- [DATA SECTION]
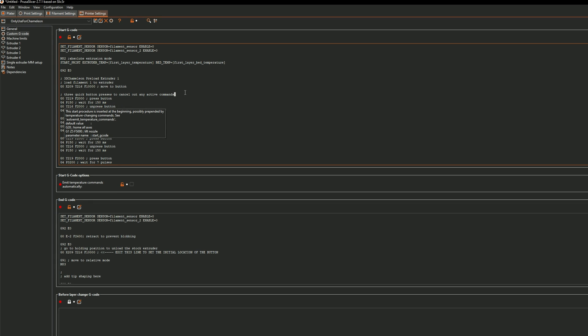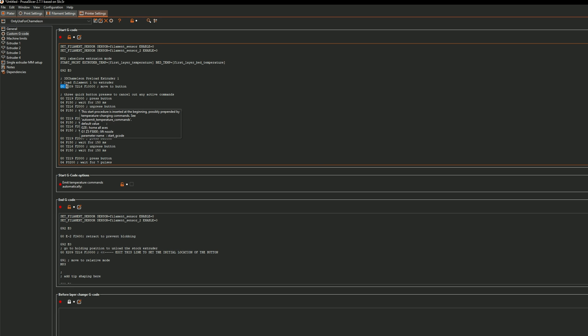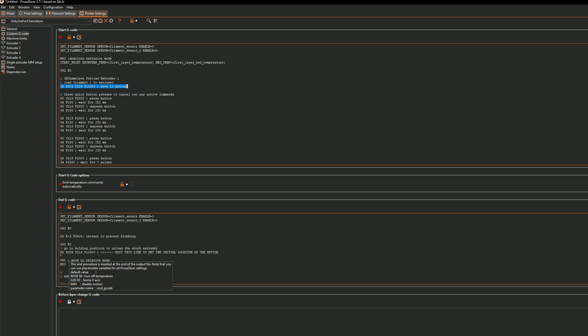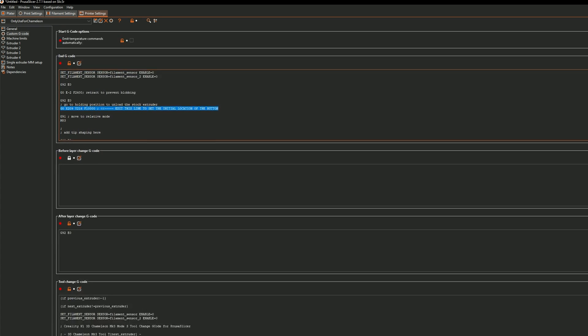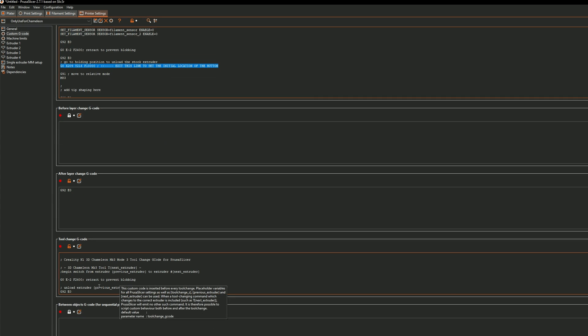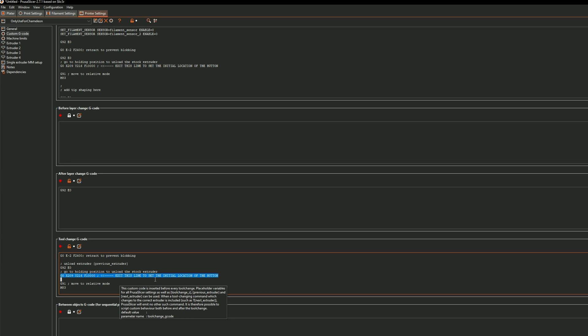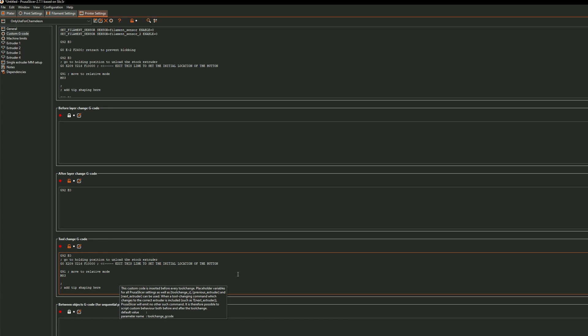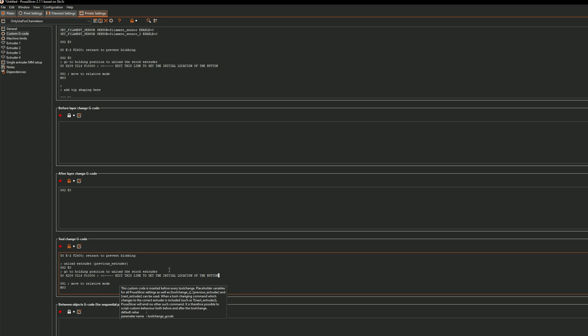There's going to be three spots where you want to edit this. It's going to be in the start g-code where it says load filament one. It'll also be in the end g-code here where it says edit this line to set the initial switch location and then you'll also want to make sure you change that here in the tool change g-code and it says the same exact thing. Yours may be different so you're going to have to play around with it a little bit to get that number. This is what mine was at so it's just you know how it is.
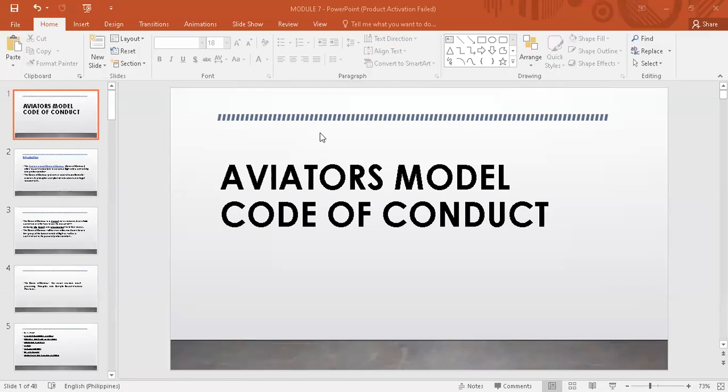Good afternoon. Hi everybody, our lesson for today is about the code of conduct for aviators, but this is just a model. Ibig sabihin, if we are going to make our own code of conduct, for example, if we are tasked as one of the key personnel to construct, create, or develop a code of conduct for aviation, this model is appropriate for us to see and as a guide kung paano natin i-craft yung ating code of conduct.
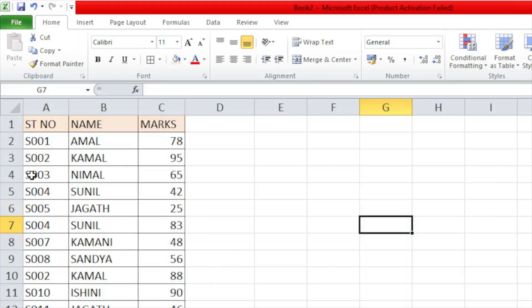If you are using a data sheet, you can see it in Excel.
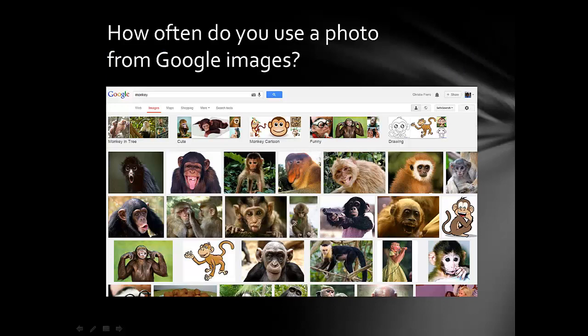As teachers, we lead by example. How often do you use a photo from Google Images? Our students might assume because we are doing it, they can too.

- [WORK INSTRUCTION] Repeat the listing exactly, minus its pictures.

- [SOLUTION BELOW]
There's going to be three spots where you want to edit this. It's going to be in the start g-code where it says load filament one. It'll also be in the end g-code here where it says edit this line to set the initial switch location and then you'll also want to make sure you change that here in the tool change g-code and it says the same exact thing. Yours may be different so you're going to have to play around with it a little bit to get that number. This is what mine was at so it's just you know how it is.
Good afternoon. Hi everybody, our lesson for today is about the code of conduct for aviators, but this is just a model. Ibig sabihin, if we are going to make our own code of conduct, for example, if we are tasked as one of the key personnel to construct, create, or develop a code of conduct for aviation, this model is appropriate for us to see and as a guide kung paano natin i-craft yung ating code of conduct.
If you are using a data sheet, you can see it in Excel.
As teachers, we lead by example. How often do you use a photo from Google Images? Our students might assume because we are doing it, they can too.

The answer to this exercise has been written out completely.